| The Campaign for Freedom of Information |
Article from Index on Censorship, February 1995
How do we discover what government, or companies, do not want to tell us?
The obstacles are great. We have no Freedom of Information Act. MPs are constantly probing, but even their powers are strictly limited. And much of select committees' work involves following up stories broken by others, not uncovering misdemeanours themselves.
The first glimpse of the truth often comes from someone inside the organisation involved. It may be passed to the press, an MP, a pressure group or a regulatory agency. But however formidable these bodies' investigatory skills, that initial inside information is crucial.
Reactions to whistleblowers - whether they act anonymously or speak out openly - are often ambivalent. The person we consider has performed a heroic public service will, in other eyes, be betraying the trust of colleagues or the institution. So let us acknowledge immediately, that blowing the whistle may sometimes be the wrong thing to do. How many of us would accept our own apparent failings being publicly exposed by a colleague who may have misread the evidence, or has made no effort to raise the issue with us first?
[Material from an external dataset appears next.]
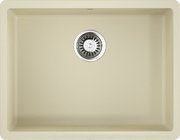 Мойка Omoikiri Kata 54-U-BE Мойка Omoikiri Kata 54-U-BE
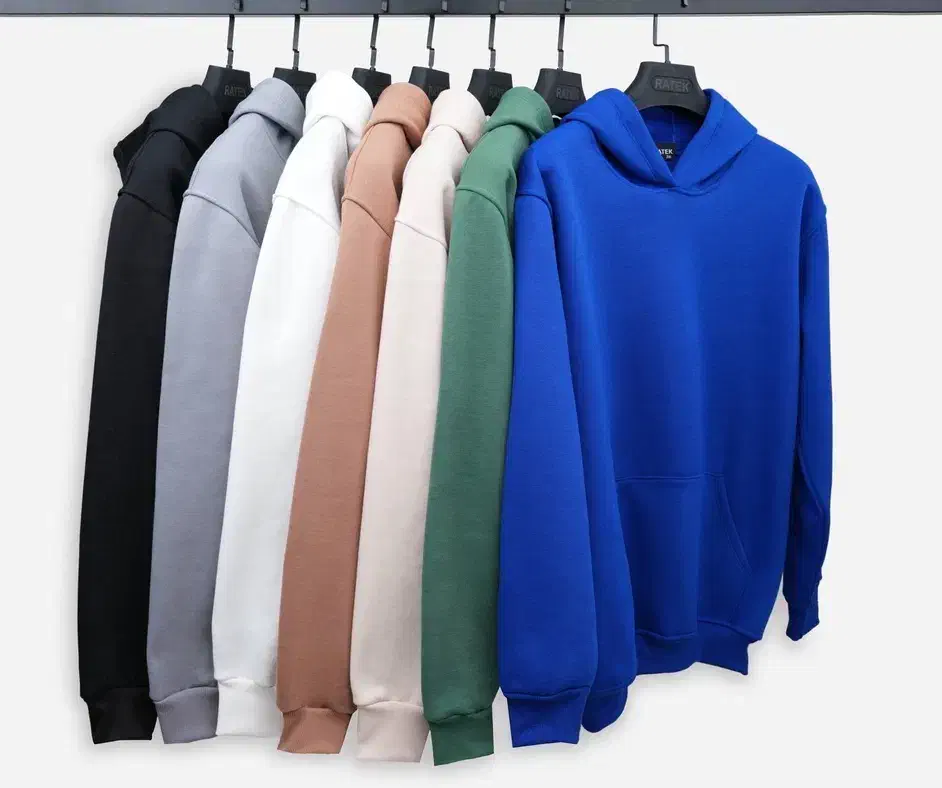 هودی بیسیک مردانه|لباس|داراب, |دیوار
But when something is seriously wrong, when the public is put at risk, and when a conscientious employee has tried everything to remedy the matter from the inside, the issues become clearer. The overriding public interest may lie in protecting our right to be told, and the whistleblower's right not to be punished for telling us.
In a long series of cases under the civil law of confidence, the courts have acknowledged that the public interest sometimes requires the disclosure of confidential information. When the Spycatcher case reached the House of Lords, Lord Griffiths ruled:
"theoretically, if a member of the [security] service discovered that some iniquitous course of action was being pursued that was clearly detrimental to our national interest, and he was unable to persuade any senior member of his service or any member of the establishment, or the police, to do anything about it, then he should be relieved of his duty of confidence so that he could alert his fellow citizens to the impending danger."
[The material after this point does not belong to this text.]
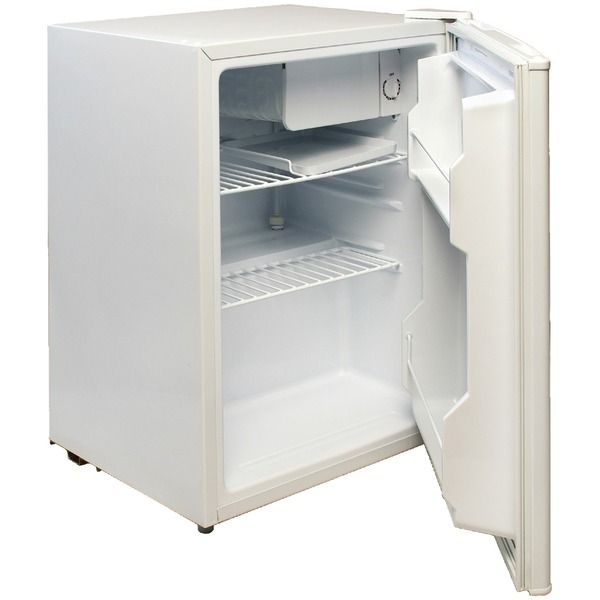 Magic Chef MCBR240W Image 1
Yet even in such cases, where the law may uphold the right to publish, it frequently does not protect the discloser from reprisals. Neither government nor the private sector finds it easy to tolerate those who speak out of turn. They are likely to be dismissed, or even prosecuted, however serious the abuse they reveal.
When the new Official Secrets Act was introduced in 1989, ministers resolutely rejected a public interest defence to allow the civil servant who may have released information, or the journalist who published it, to defend themselves on the grounds that the disclosure was justified.
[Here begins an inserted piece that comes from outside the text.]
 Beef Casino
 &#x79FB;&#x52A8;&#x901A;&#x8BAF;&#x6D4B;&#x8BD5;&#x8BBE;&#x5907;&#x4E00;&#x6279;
The then Home Secretary, Douglas Hurd, repeatedly claimed that such a defence was without precedent in the criminal law. In fact, the precedents not only exist but are found in the Home Office's own legislation - notably the obscenity laws, which contain precisely such a "public good" defence.
The statute books are peppered with some 250 additional legal penalties for disclosing information. Many protect individual privacy but others criminalise officials for daring to disclose even safety information on dangerous products. Again, no public interest defence is available.
The contracts of both public and private sector employees increasingly contain gagging clauses, making the unauthorised disclosure of any information to anyone a disciplinary offence which could lead to dismissal.
Equally worrying is the trend for confidentiality clauses in out-of-court settlements. The victims of unfair dismissal, sex discrimination or dangerous consumer products may get their compensation - but only in return for a binding promise of silence. This may protect a negligent company's reputation. It also allows it to buy off the strongest claimants, undermining others by denying them the previous evidence.
Journalists sometimes risk imprisonment to protect their sources' anonymity - a basic requirement if those with evidence of wrongdoing are to come forward. Here the government operates a curious double standard. The legislation which allows us to see official information, from the Data Protection Act to the law opening up council meetings, all permit public authorities to conceal the identity of their sources. A similar principle applies during legal proceedings, where the identity of certain kinds of informants is often protected by public interest immunity certificates.
But when journalists argue that their sources too should be protected, the rules change. The Contempt of Court Act appears to allow journalists to protect sources in most cases. But it was shown to be near useless when, in 1990, journalist Bill Goodwin was held to be in contempt by the House of Lords for protecting his informant from a company who wanted it for no higher purpose than to punish the discloser and plug the leak.
Could whistleblowing ever be rendered unnecessary? A powerful Freedom of Information Act - which would expose information without the need for leaking - would help, but could never be more than a partial solution. Users would have to specify what they wanted to know. But where there is no reason to suspect something is amiss, no-one may bother to ask.
Another approach is to help potential whistleblowers pursue their concerns more effectively internally. A new charity, Public Concern at Work, provides legal and practical advice to concerned employees. It has already shown that it is able to help many employees raise concerns about misconduct within the organisation, sometimes having the problems remedied without publicity - or the victimisation that invariably follows.
But other measures are needed to enable genuine public interest disclosures to be made without fear of reprisals. This may require new statutory protection for whistleblowers, to ensure that those who have taken reasonable steps internally to deal with real concerns are not penalised if further disclosure is needed. It may take the threat of fines or damages against employers who victimise, to prevent the too common response, of shooting the messenger - and ignoring the problem.